Exercise:
Provide the number of lines in the material containing the word "Ford", with nothing added.

Data section:
Segment Open

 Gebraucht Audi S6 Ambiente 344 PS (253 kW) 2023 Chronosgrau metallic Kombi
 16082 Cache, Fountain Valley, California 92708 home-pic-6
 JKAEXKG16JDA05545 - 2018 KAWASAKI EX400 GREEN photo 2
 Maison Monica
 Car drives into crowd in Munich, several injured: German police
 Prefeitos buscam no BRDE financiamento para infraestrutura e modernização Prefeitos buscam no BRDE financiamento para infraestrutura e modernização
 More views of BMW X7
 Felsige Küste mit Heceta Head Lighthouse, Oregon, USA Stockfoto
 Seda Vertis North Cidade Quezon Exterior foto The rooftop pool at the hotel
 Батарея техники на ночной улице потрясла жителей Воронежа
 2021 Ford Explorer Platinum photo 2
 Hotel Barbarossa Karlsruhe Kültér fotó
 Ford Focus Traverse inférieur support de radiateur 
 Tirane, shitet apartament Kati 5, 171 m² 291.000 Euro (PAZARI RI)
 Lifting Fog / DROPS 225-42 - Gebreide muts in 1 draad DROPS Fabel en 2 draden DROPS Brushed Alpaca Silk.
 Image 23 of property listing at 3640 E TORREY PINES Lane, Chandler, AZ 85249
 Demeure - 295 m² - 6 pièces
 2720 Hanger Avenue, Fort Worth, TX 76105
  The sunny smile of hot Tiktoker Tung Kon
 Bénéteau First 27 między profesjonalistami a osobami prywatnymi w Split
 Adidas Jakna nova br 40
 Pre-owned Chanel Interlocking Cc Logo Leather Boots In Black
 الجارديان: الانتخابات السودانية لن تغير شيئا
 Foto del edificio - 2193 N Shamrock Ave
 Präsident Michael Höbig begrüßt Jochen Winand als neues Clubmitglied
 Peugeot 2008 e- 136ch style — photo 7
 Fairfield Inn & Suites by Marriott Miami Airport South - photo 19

Segment Closed

Final answer:
2